What you have to do: Each entry that follows is to be duplicated exactly, without its images.

(Image-caption web data)
Content starts
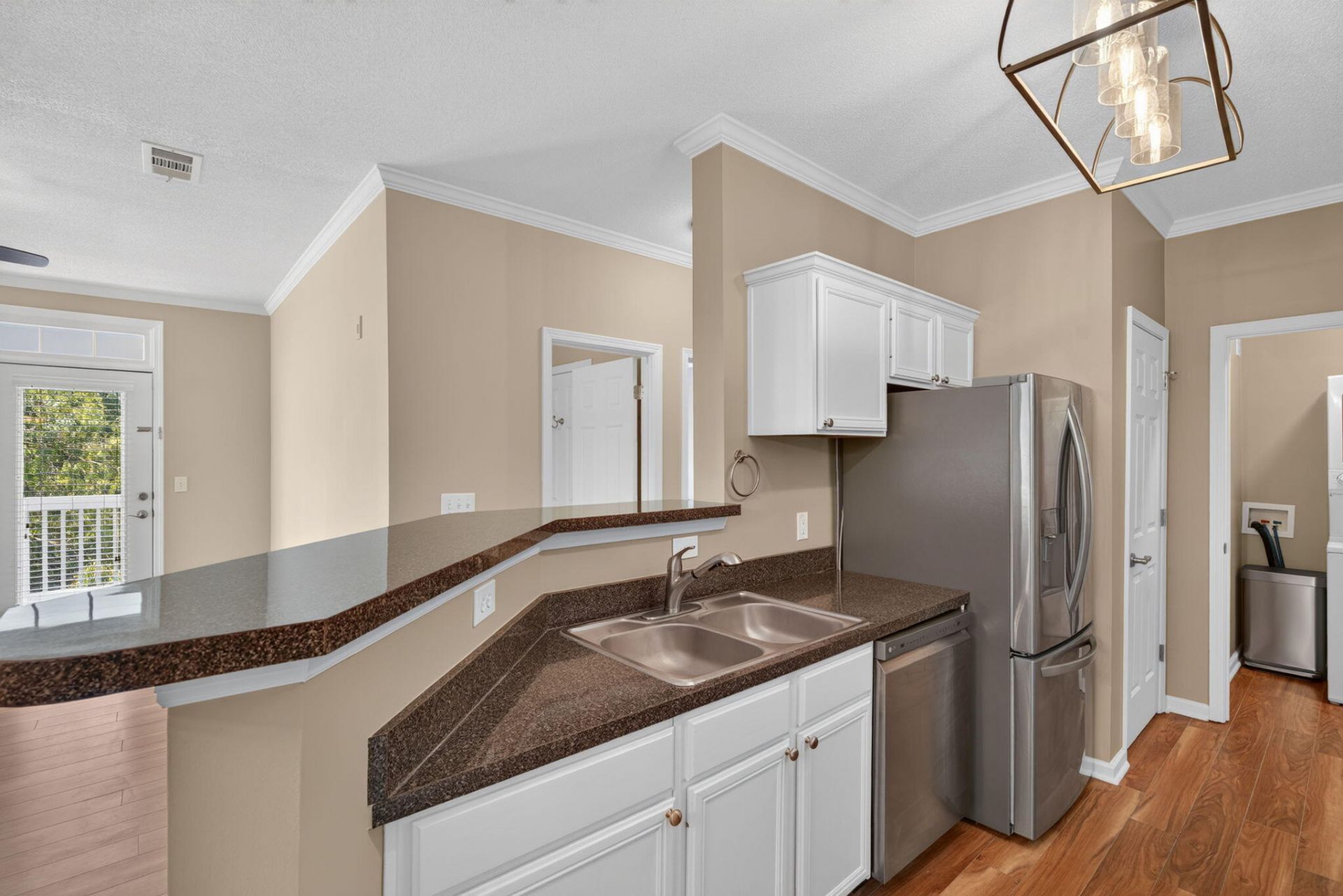 45 Sycamore Avenue Photo 5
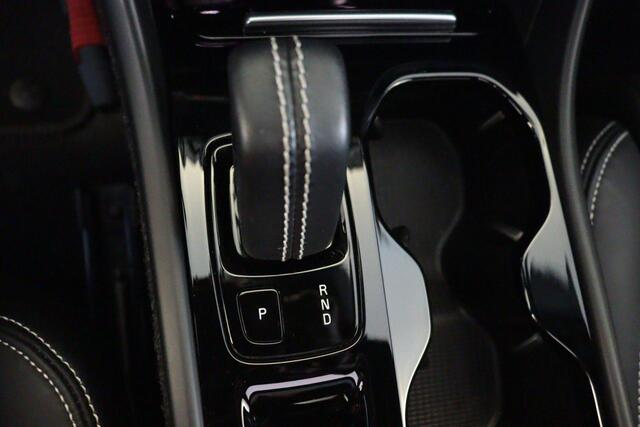 Volvo XC40 1.5 T5 Recharge R-Design | NAVI / APPCONNECT | CAMERA + PDC | STUUR / STOELVERW | ADAP CRUISE | HARMAN / KARDON AUDIO |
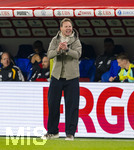 27.03.2026, Fussball Freundschafts-Länderspiel, Schweiz - Deutschland, im Stadion St.-Jakob-Park in Basel (Schweiz). Trainer Julian Nagelsmann (Deutschland) gibt Anweisungen 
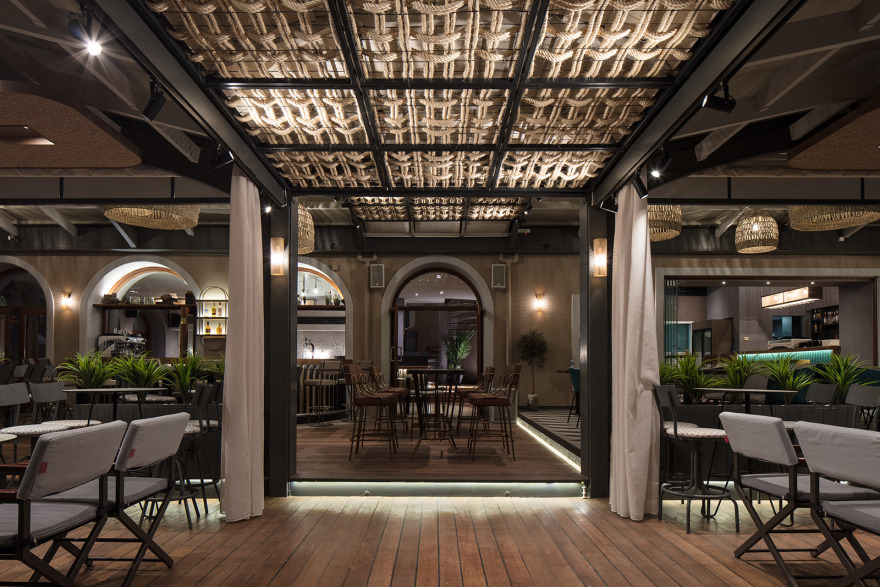 Prevere 咖啡吧 | 地中海风格的海岸线美景-5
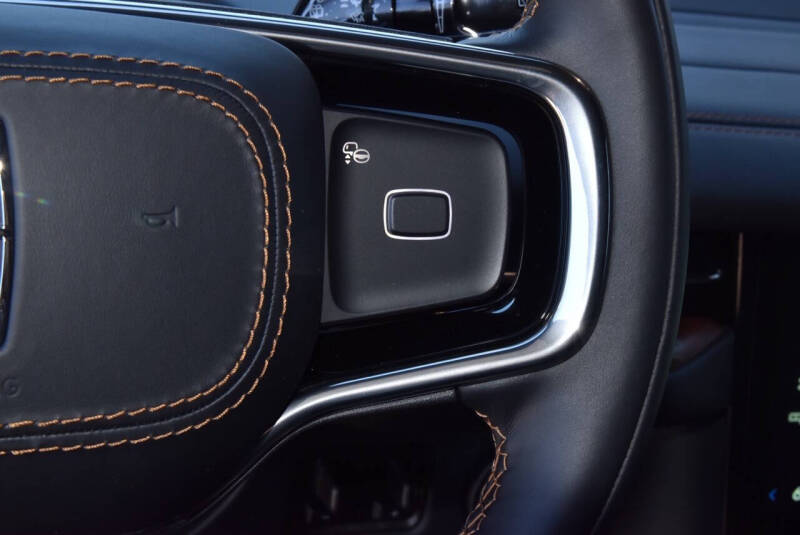 2025 Lincoln Navigator Black Label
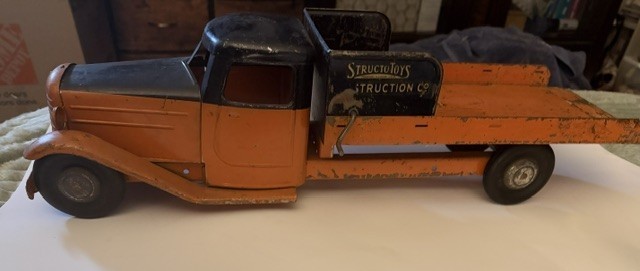 Structo Wrecker Tow Truck w/Tilt Ramp, 23.5\
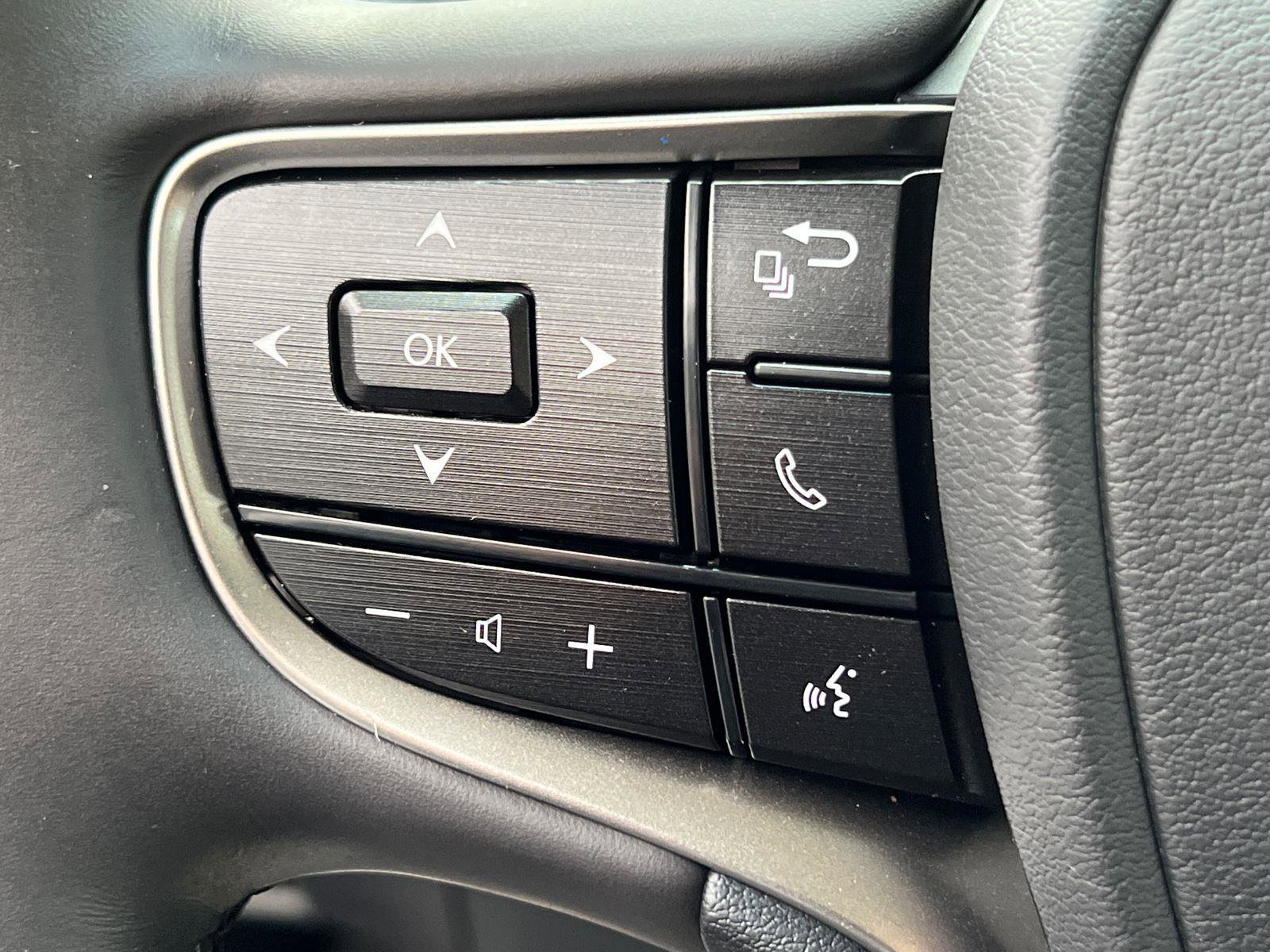 Certified 2023 Lexus ES 350 w/ Premium Package image 26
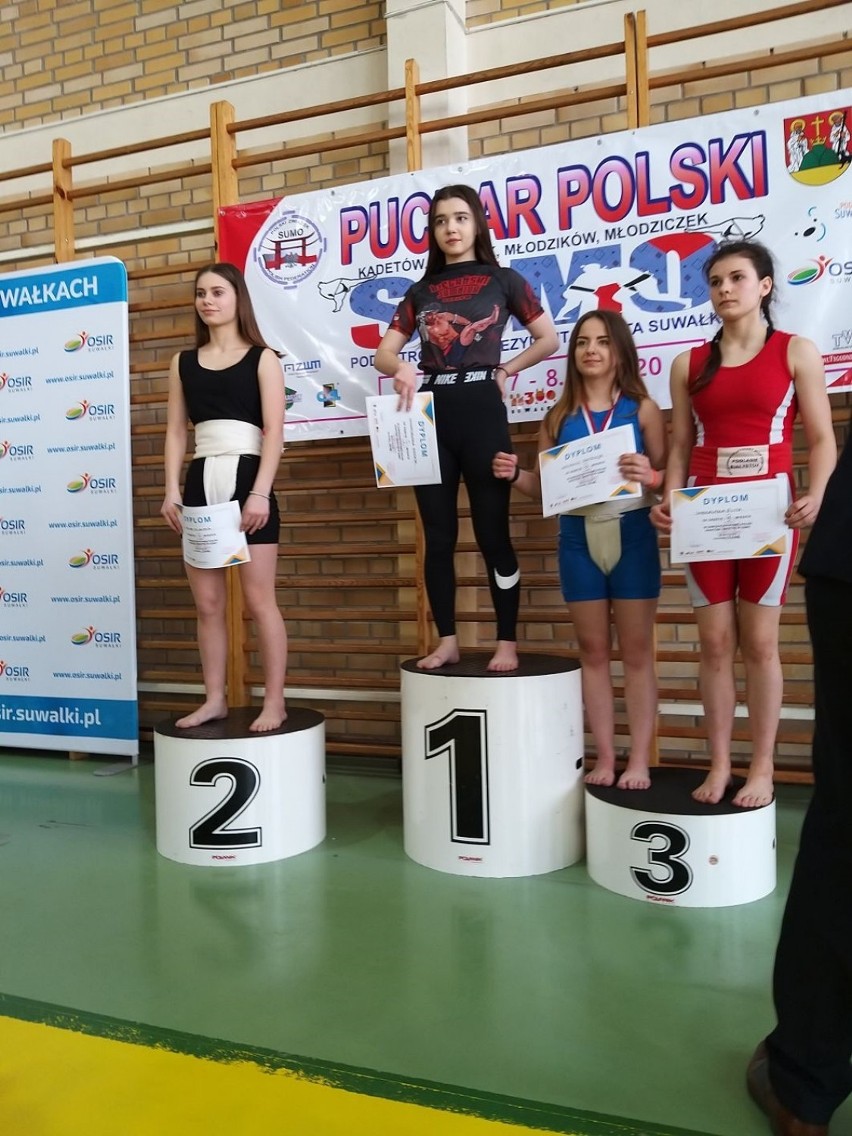 Klaudia Kaczor (po lewej) zajęła II miejsce w kat. 50 kg...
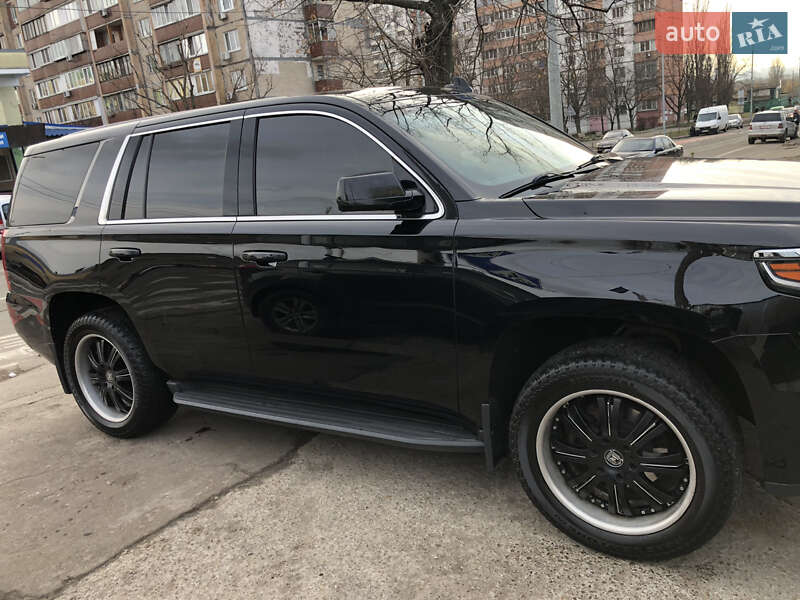 Внедорожник / Кроссовер Chevrolet Tahoe 2017 в Киеве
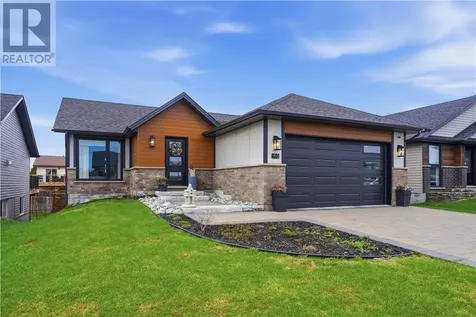 46 Meadowgreen Drive Garson ON P3L 0B1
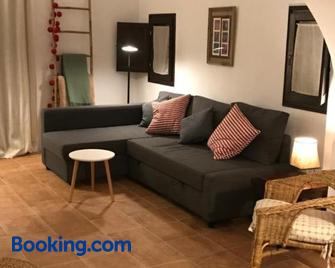 Can Giribets - Sant Ferriol - Wohnzimmer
Content ends
Solution for this task:
 45 Sycamore Avenue Photo 5
 Volvo XC40 1.5 T5 Recharge R-Design | NAVI / APPCONNECT | CAMERA + PDC | STUUR / STOELVERW | ADAP CRUISE | HARMAN / KARDON AUDIO |
 27.03.2026, Fussball Freundschafts-Länderspiel, Schweiz - Deutschland, im Stadion St.-Jakob-Park in Basel (Schweiz). Trainer Julian Nagelsmann (Deutschland) gibt Anweisungen 
 Prevere 咖啡吧 | 地中海风格的海岸线美景-5
 2025 Lincoln Navigator Black Label
 Structo Wrecker Tow Truck w/Tilt Ramp, 23.5\
 Certified 2023 Lexus ES 350 w/ Premium Package image 26
 Klaudia Kaczor (po lewej) zajęła II miejsce w kat. 50 kg...
 Внедорожник / Кроссовер Chevrolet Tahoe 2017 в Киеве
 46 Meadowgreen Drive Garson ON P3L 0B1
 Can Giribets - Sant Ferriol - Wohnzimmer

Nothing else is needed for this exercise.